A few months ago I watched the Royal Train draw into Paddington station. A small group of subjects had gathered. They peered up the platform as a small man in a suit stepped off the train into a black car. He waved and smiled as he passed them.
Ten years ago they would have waved back. Thirty years ago they would have cheered. In 1994 they only stared. Then one of the women turned to her companion. 'I can see why she left 'im,' she said.
To be successful a glossy magazine has to be useful, or aspirational, or catch a fashionable mood. Being worthy or educational is not enough. The trouble is that the Prince-of-Wales-classical-columns- Quinlan-Terry-crumbling-country- hice theme is Eighties. It is New Georgian. It is a fogeyism no longer young. It is, Sir, cold, old potatoes.
'I think there is room for a new general interest magazine - on good contemporary buildings, how they work, the process of building them,' says Marcus Field, buildings editor of the professional Architects' Journal, which sells 20,000 copies a week.

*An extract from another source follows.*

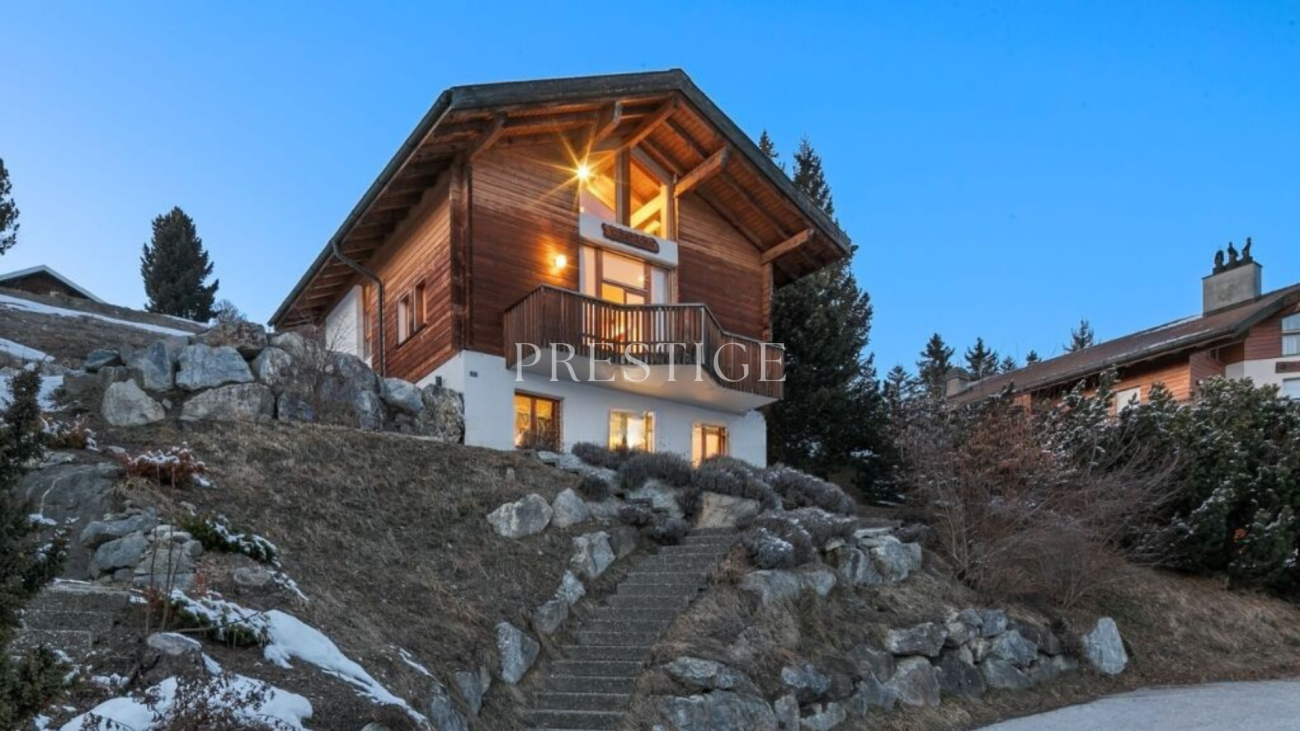 Alpines Chalet mit Balkon bei Dämmerung
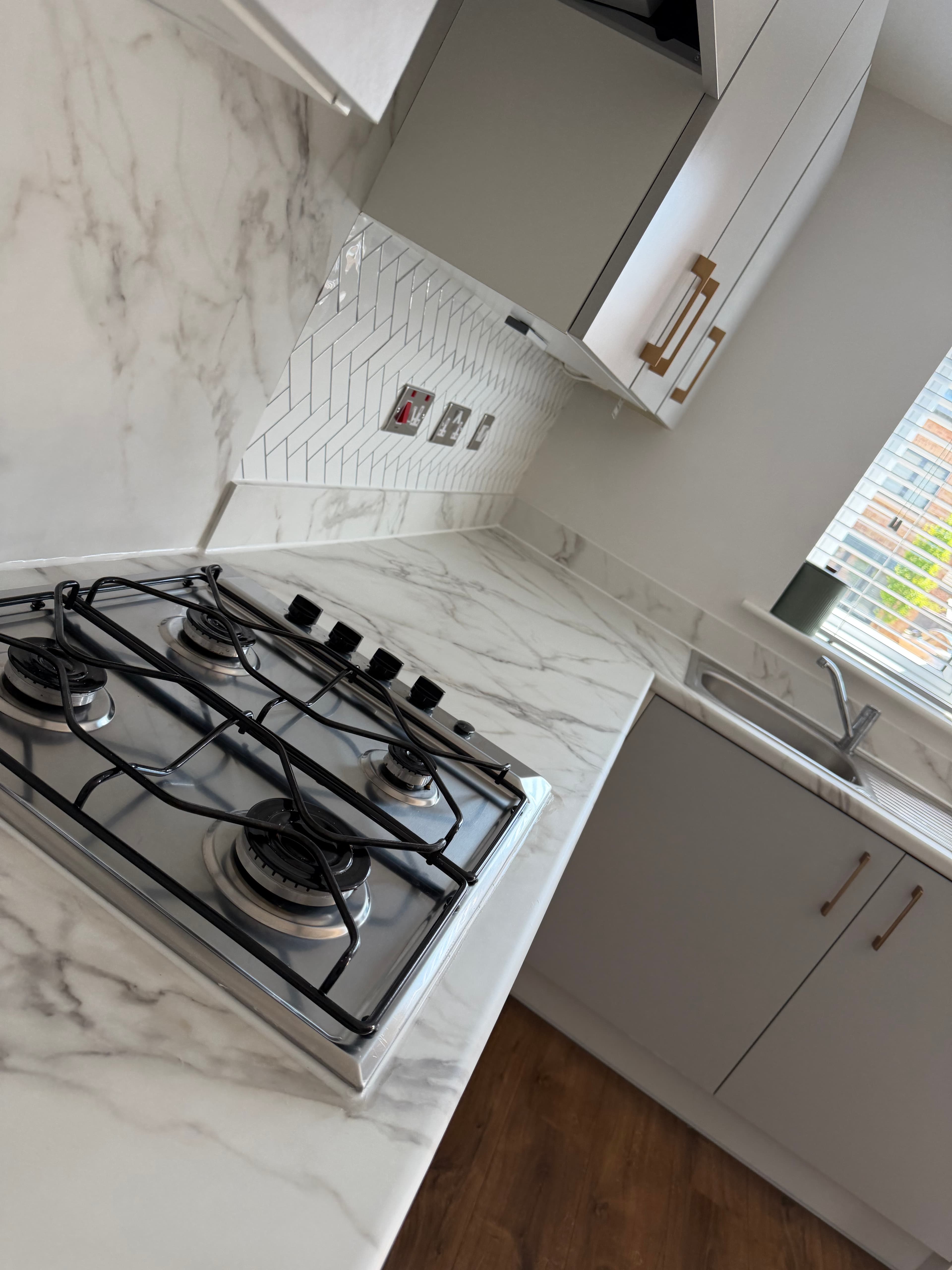 Marble worktop wrap Pontefract — sink run with marble worktop after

'But I think some architects might not want to be in a magazine with the Prince of Wales's feathers on the front. Some of them think that Charles has damaged the industry by what he's said about modern architecture.'
Charles has no controlling editorial role in Perspectives, though he writes for it. But there is no question that its broad aim is to be a vehicle for his values. When it was launched he set the agenda: 'We are always told that architecture responds to the spirit of the age. I maintain that this age is without spirit. My aim is to recreate that spirit.'
Er, yes. It has a familiar ring. 'I rather feel that deep in the soul of mankind there is a reflection of the beauty and harmony of the universe.' That was the famous Canadian speech that made Prince Potty headlines in the tabloids. But - will it sell?
Some readers are already in tune. The July issue gave the results of a competition for ideas on how to spend the National Lottery's pounds 1.2bn. One of the winners was the Glastonbury Design Group's sketch for a pounds 15m temple incorporating sacred geometry, aimed at fulfilling William Blake's dream of a New Jerusalem.
The new editor is going to do his best with his spiritual brief. 'Yar, umm,' he said, pausing for a moment when I asked him what plans he has for the chlorine-free pages. 'What I really want to do is give it more of a vision. Broaden the architectural debate . . . I'm not against modernist architecture but I don't think it's the only way to build.'
And what about the readership? 'At Country Life one always tried to write at two levels,' said Mr Worsley, who intends to aim for a blend of intellectual rigour and popular appeal. 'I want to get as wide an audience as I can.'
A perspective on perfect harmony for pounds 2.50. It's a nice try, Sir.